Ntsebeza argued that because Brigadier Adriaan Calitz had previously testified that he did not see the shootings at the Marikana hill near Lonmin's platinum operations in North West, he could not say with certainty whether his charges had acted in self-defence.

“I would like to be satisfied that your two weeks of being on the (witness) stand has not been in support of a case that the police acted in self-defence, because you were not there,” said Ntsebeza.

“For all the time you have been on the stand, you are not alleging that the police acted in self-defence? Whatever you have been saying does not support the theory that the police were justified in shooting my clients.”

Calitz said he was not certain what prompted the police to shoot.
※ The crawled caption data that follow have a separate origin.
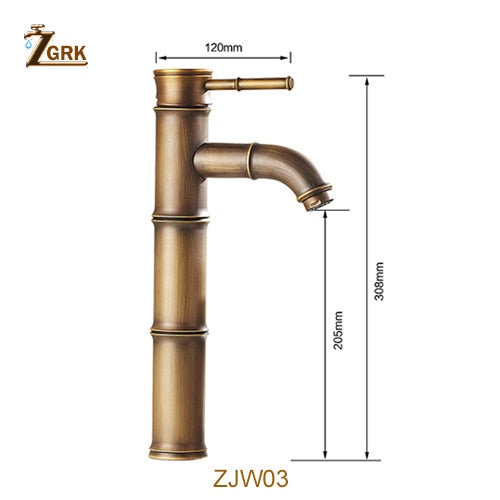 ZGRK Bathroom Faucet Brass Basin Faucets Luxury Tap Tall Bamboo Hot Cold Water With Two Pipes Kitchen Outdoor Garden WC Taps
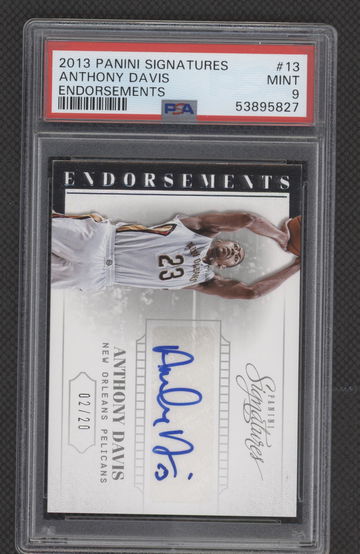 2013 PANINI SIGNATURES ANTHONY DAVIS ENDORSEMENTS PSA 9
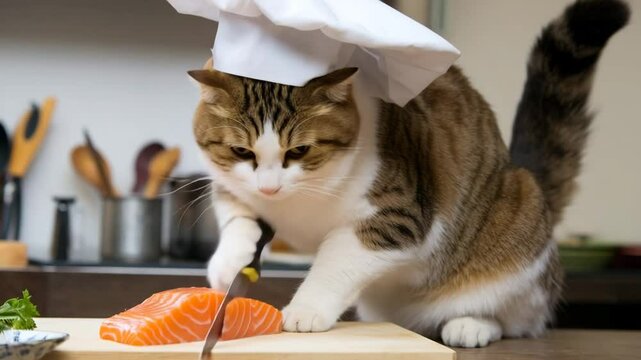 Gato cocinero con gorro corta pescado en la cocina, video 4K.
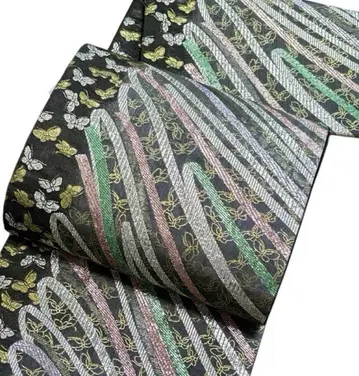 A 107 후쿠로 오비 육통 화문 나비 채색 실크 기모노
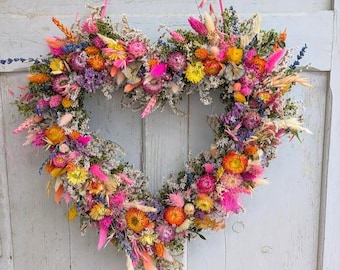 Türkranz Wandkranz  Herz Handarbeit Herz Handarbeit Trockenblumen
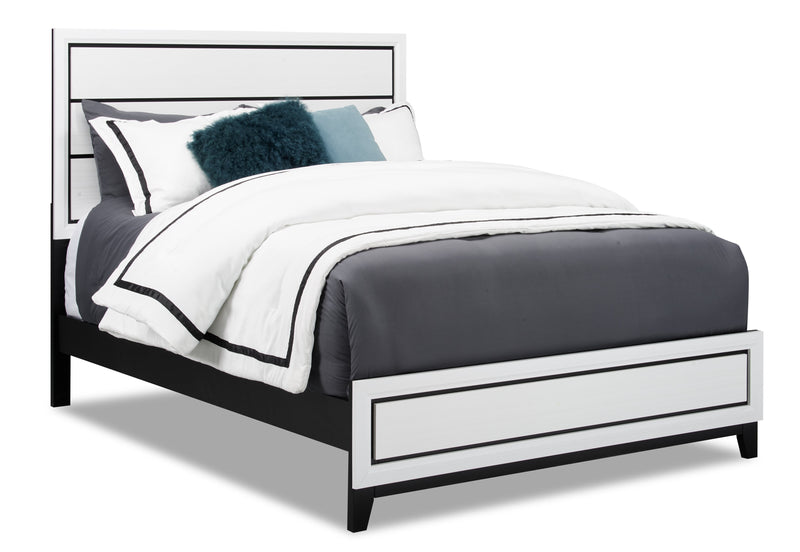 Kate 5pc Bedroom Set with Bed, Dresser & Mirror, White - Queen Size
“I can only say I cannot be certain of what happened because I was not there. As far as the TRT (tactical response team) shooting is concerned, I cannot help,” he said.

Ntsebeza said it was important for the commission to differentiate which of Calitz’s testimony was based on facts and which was based on circumstantial evidence.

“I am careful to put to you something which you can help us with. You are not able, on the basis of your presence as the operational commander on August 16, (to say) whether the police were being attacked.

“You don’t know that they were being attacked so you can’t say they acted in self defence,” said Ntsebeza.

Previously, Calitz testified that he was unaware that the mineworkers “lying around” after the clash with police were dead.

In a statement submitted to the commission, Calitz testified that, because of the noise around the hill, he had not heard the police tactical response team firing live ammunition at the strikers.

“I contacted Lt-Col (Solomon) Vermaak on radio and inquired from him why the TRT was not following our dispersal action. He said he would go and check, and later reported that the TRT were at the kraal and there were bodies lying around.

“I thought, given my experience and the absence of such a report to me, that the bodies referred to people who were injured by the dispersion action or lying down to be arrested,” Calitz said in his statement.

On August 16, 2012, 34 people, mostly striking miners, were shot dead in a clash with police who were trying to disperse and disarm them. Seventy eight were wounded.

The Farlam Commission of Inquiry was appointed later that month to investigate the circumstances surrounding these deaths and those of 10 people, including two policemen and two security guards, during the preceding week.